Task data —
^^^^^^^^^^^^^^^^
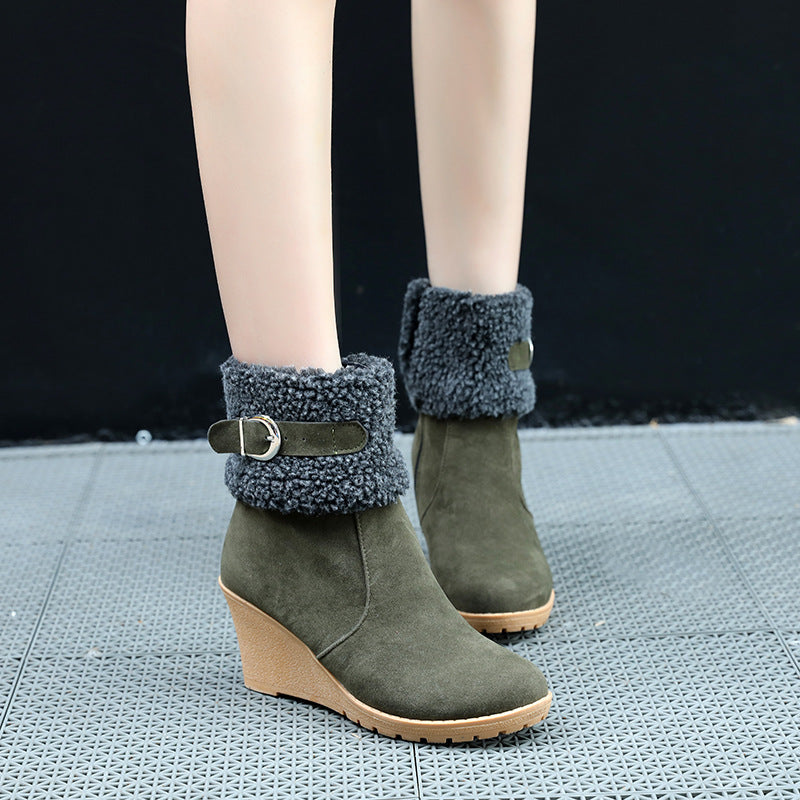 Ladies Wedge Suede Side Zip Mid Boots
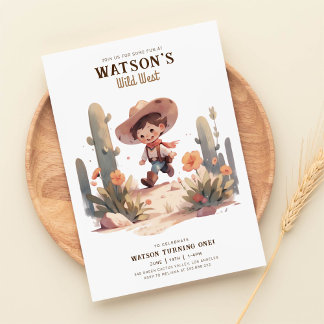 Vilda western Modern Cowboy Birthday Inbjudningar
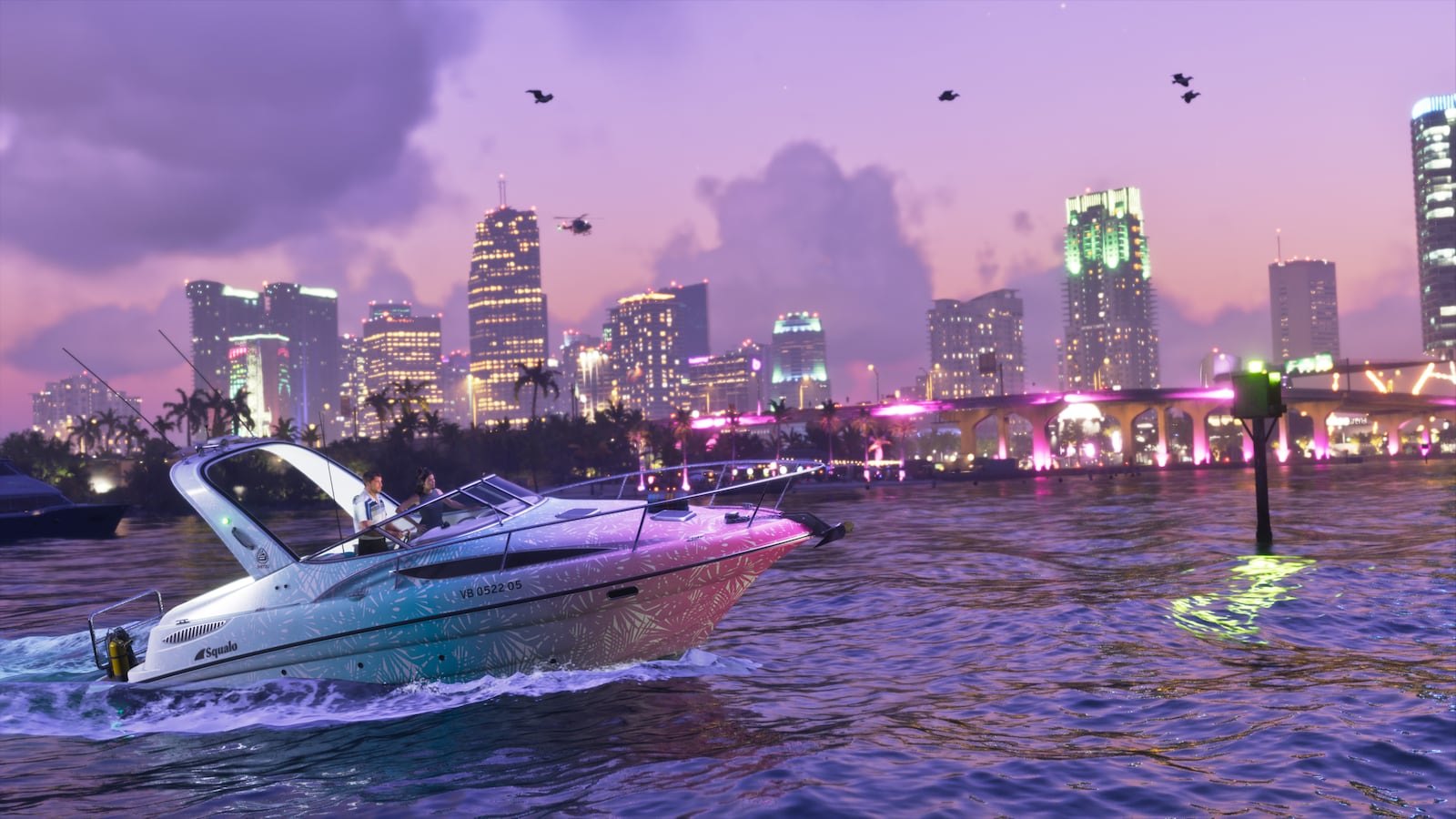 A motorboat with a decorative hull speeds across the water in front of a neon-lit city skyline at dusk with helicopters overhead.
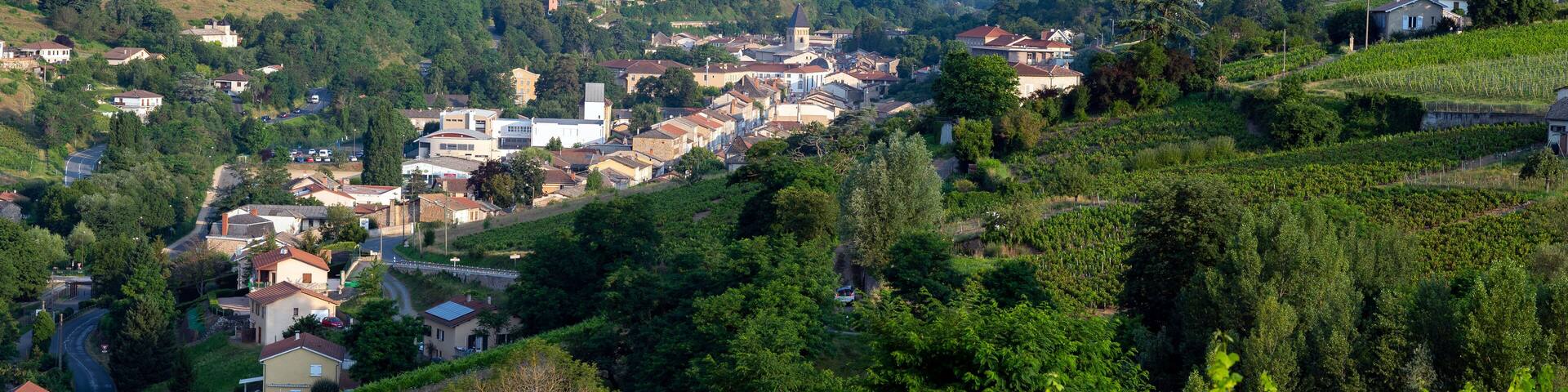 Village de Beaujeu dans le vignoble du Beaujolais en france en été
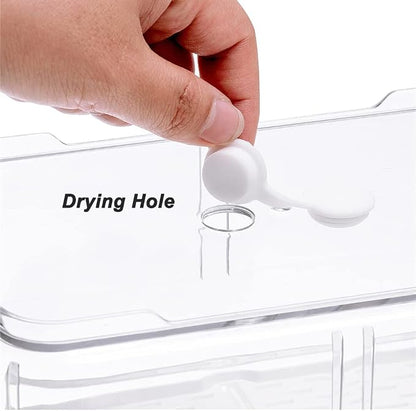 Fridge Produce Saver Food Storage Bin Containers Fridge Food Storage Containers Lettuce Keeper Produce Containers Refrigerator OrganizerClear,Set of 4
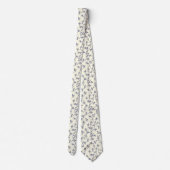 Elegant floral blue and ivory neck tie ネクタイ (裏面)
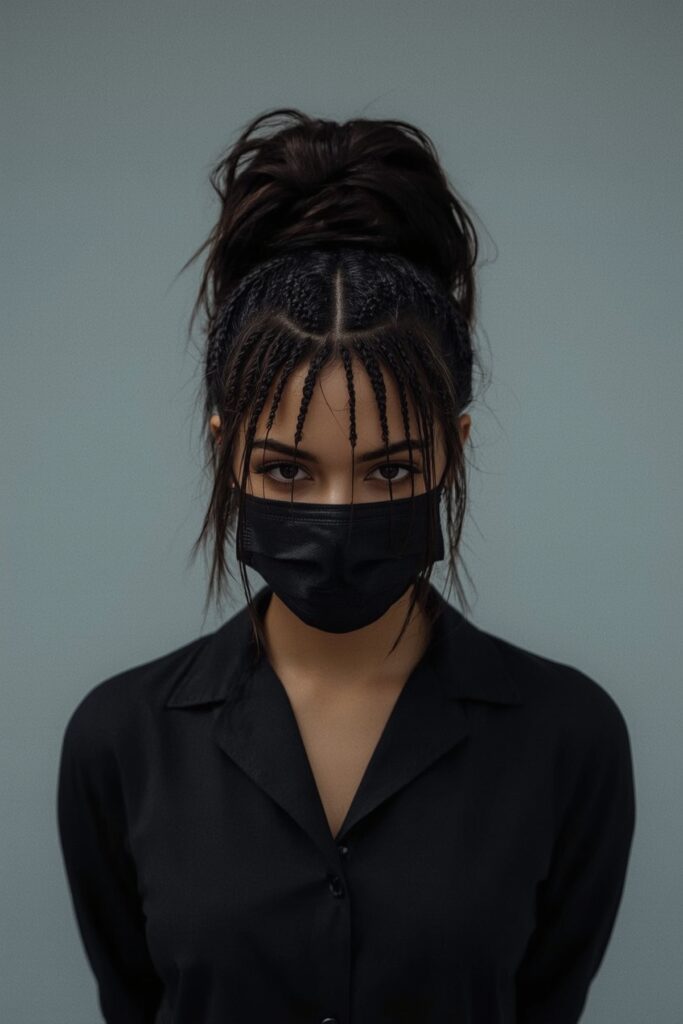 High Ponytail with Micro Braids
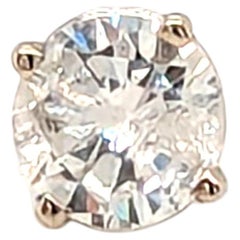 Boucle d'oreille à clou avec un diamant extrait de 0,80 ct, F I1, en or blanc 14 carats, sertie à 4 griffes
^^^^^^^^^^^^^^^^
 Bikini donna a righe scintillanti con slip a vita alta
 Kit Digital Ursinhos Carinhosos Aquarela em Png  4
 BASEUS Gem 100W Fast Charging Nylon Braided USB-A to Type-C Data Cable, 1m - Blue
^^^^^^^^^^^^^^^^
What you will do —
Take the entries above and copy exactly the lines starting at the one with "Elegant floral blue" and ending at the one with "Boucle d'oreille à"; nothing outside that span, and no pictures.

Problem solution —
 Elegant floral blue and ivory neck tie ネクタイ (裏面)
 High Ponytail with Micro Braids
 Boucle d'oreille à clou avec un diamant extrait de 0,80 ct, F I1, en or blanc 14 carats, sertie à 4 griffes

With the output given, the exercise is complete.